What is needed
In the data below, the answer is the run of lines from the line containing "Retro-Ananas-Party im tropischen" through the line containing "Pink lace push-up bra.", both included; print it exactly and nothing else.

Dataset extract
+ + + + + + +
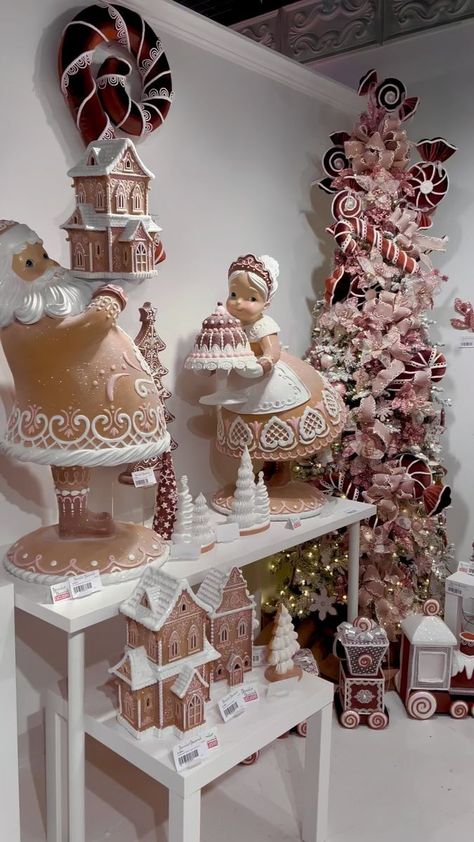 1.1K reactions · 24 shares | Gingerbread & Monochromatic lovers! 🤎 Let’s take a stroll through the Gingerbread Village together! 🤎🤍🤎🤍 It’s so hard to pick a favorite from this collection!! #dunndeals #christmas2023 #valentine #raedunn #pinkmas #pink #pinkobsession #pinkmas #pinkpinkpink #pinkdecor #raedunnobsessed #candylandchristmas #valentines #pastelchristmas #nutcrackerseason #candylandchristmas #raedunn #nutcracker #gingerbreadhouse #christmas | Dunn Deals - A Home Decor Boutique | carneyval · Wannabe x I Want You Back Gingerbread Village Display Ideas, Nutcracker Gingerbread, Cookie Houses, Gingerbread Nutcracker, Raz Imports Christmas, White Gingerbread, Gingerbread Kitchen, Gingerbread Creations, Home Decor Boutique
+ + + + + + +
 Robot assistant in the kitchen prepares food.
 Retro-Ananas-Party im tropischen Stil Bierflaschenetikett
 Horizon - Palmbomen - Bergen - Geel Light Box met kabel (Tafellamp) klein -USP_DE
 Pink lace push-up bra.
+ + + + + + +
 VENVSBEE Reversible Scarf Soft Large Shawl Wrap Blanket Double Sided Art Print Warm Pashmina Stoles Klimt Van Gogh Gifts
+ + + + + + +
Answer box
 Retro-Ananas-Party im tropischen Stil Bierflaschenetikett
 Horizon - Palmbomen - Bergen - Geel Light Box met kabel (Tafellamp) klein -USP_DE
 Pink lace push-up bra.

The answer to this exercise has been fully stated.